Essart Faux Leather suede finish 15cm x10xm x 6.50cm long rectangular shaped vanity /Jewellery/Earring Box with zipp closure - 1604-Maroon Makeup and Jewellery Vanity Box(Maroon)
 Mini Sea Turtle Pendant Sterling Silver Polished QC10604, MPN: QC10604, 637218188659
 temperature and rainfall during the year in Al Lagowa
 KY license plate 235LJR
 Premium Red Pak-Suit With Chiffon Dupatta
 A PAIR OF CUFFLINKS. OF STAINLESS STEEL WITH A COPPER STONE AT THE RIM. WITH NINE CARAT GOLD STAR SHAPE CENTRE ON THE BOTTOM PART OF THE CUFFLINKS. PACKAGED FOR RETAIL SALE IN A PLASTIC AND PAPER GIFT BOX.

===

What the exercise asks:
Restate the listing word for word, but only from its first line through the line with "KY license plate 235LJR", keeping both end lines.

Solution to the exercise:
Essart Faux Leather suede finish 15cm x10xm x 6.50cm long rectangular shaped vanity /Jewellery/Earring Box with zipp closure - 1604-Maroon Makeup and Jewellery Vanity Box(Maroon)
 Mini Sea Turtle Pendant Sterling Silver Polished QC10604, MPN: QC10604, 637218188659
 temperature and rainfall during the year in Al Lagowa
 KY license plate 235LJR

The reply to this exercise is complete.